[GRINDHOUSE COMICS COLUMN] ‘CREDO’ BY PETER BAGGE

 

 

I’ll say one thing for the proverbial “third act” (actually, it might be more like the fourth or fifth) of Peter Bagge’s cartooning career — he picks some interesting subjects for his “graphic biographies.” From Margaret Sanger to Zora Neale Hurston to, now, Rose Wilder Lane, the women whose stories he relates have led full lives full of adventure, controversy, and accomplishment. Whether or not Bagge himself is the best person to be recounting their exploits is an open question — particularly in Hurston’s case — but it’s clear that he views all his de facto protagonists with a tremendous amount of respect, while fastidiously avoiding the easy trap that is dull, hero-worship hagiography.

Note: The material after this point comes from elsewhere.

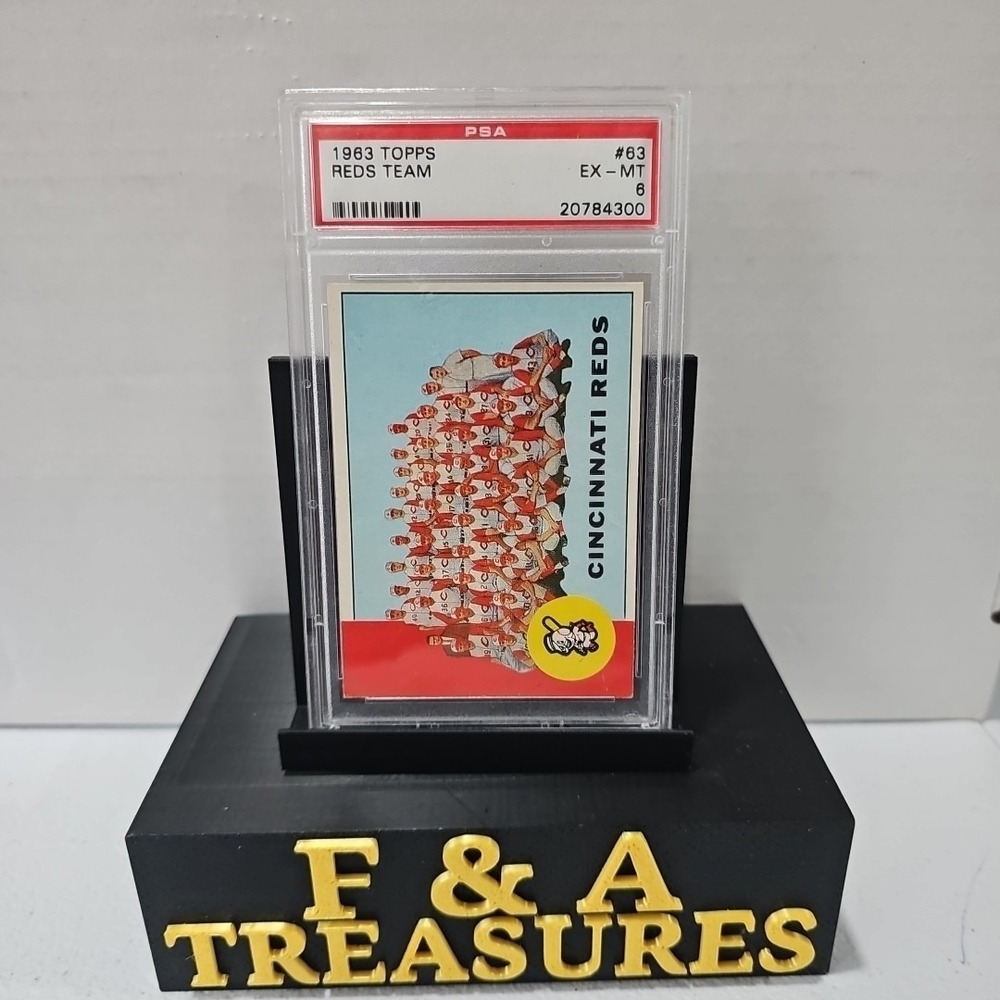 1963 Topps #63 Reds Team PSA 6 EX-MT Pete Rose Rookie Year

So, yeah, that’s the good. Or part of it — the other big part being, of course, Bagge’s always-agreeable, “rubbery,” intrinsically eye-catching cartooning which, fair enough, hasn’t really changed or evolved since his Neat Stuff/Hate days, but nonetheless doesn’t feel or look tired or “played out.” He’s got something he does well, and proceeds to go about doing it. No shame in that.

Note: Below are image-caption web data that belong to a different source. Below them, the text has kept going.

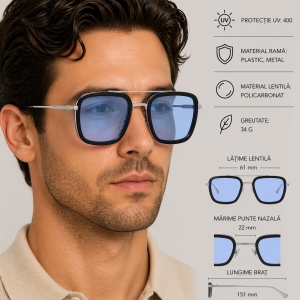 Ochelari de soare unisex, SG163, Albastru - Img 2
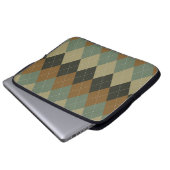 Raute Herbst: Braungrün-Rhombus-Chic Laptopschutzhülle (Vorne Knopf)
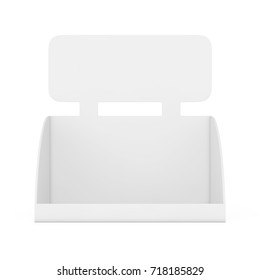Blank Empty Box Display for Products Promotion with Copy Space for Yours Design on a white background. 3d Rendering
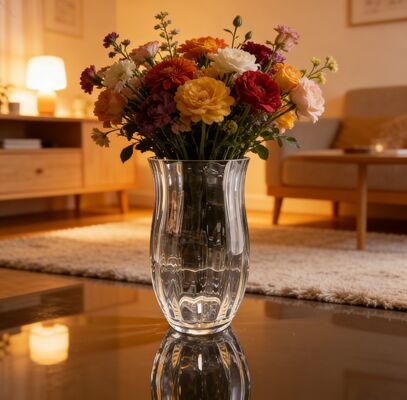 خرید گلدان کریستالی بدون سرب دست ساز با ارتفاع ۲۶۰ میلی متر برای چیدمان گل مدرن تزئینی تولید آنلاین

What’s becoming painfully apparent, though, is that he’s creatively stalled out, and I offer as evidence for this assertion his most recent hardcover release from Drawn+Quarterly, Credo : The Rose Wilder Lane Story.

 

 

In the minds of many, Lane will forever be mentioned in conjunction with, perhaps even be consigned to a place within the shadow cast by, her “literary legend” mother, Laura Ingalls Wilder, but for those whose politics skew hard toward the libertarian, such as Bagge, she’s one of the most consequential thinkers in American history, a giant upon whose shoulders people like — I dunno, the Koch brothers and Ron Paul stand. If I were her, in other words, I’d be glad not to be around anymore.

Lane’s own achievements in literary fiction and popular biography are rather underplayed by Bagge in the pages of this strictly-formatted book (all three of Bagge’s cartoon biographies have the exact same page count), but her foundational libertarian tracts, as well as the experiences that gave direct rise to her point of view, are afforded plenty of time in the spotlight, and while that’s going to be very appealing to folks who came to know Bagge’s work through the pages of Reason magazine, it’s probably fair to say that the rest of us would rather know more about her travels through the Middle East than, say, her tutelage under notorious right-wing Saturday Evening Post editor Garet Garrett. Like fellow libertarian Chester Brown, it seems that Bagge’s storytelling choices show a cartoonist on the verge of being wholly subsumed within his own narrow obsessions.

 

 

Those who haven’t swallowed the free market Kool-Aid might also find Bagge’s borderline-avoidance of one of American literature’s great mysteries — namely, how much of her mother’s work was actually be written by Lane — to be a source of frustration, as well, but I understand that his larger concern was drawing attention to the things that his subject unequivocally and absolutely did write, so I’m willing to give him a pass on that score. He gives hints as to what he thinks may have gone down, but draws no specific conclusions nor makes any bold assertions, and that seems entirely appropriate in the view of this critic. If others consider it a “dodge” of sorts on his part, though, I’ll be perfectly frank and state that I can understand that point of view even if I don’t agree with it.

 

 

Which probably isn’t such a bad summation of this particular work on the whole. While Margaret Sanger and Zora Neale Hurston didn’t necessarily consider themselves libertarians as such, Lane did, and therefore there’s no sense that Bagge is trying to fit a square peg into his even-more-square philosophical hole here, but there’s an awful lot of preaching to the choir in this book. For a guy whose work used to have such mass appeal that’s an interesting development, but the trajectory of Bagge’s cartooning — hell, even the trajectory of these thematically-linked biographies — shows an artist whose concerns are becoming more insular and absolutist. A similar path led to the most interesting work of Ditko’s career, but it also topedoed Dave Sim, the aforementioned Chester Brown, and others.

The jury’s still out on whether or not a laser-focused Bagge will make better stuff or worse stuff than he used to, but my hope is that he’ll give the biography format a rest for awhile and tell us where he’s coming from and why, rather than using historical figures as mouthpieces and/or human shields for his worldview.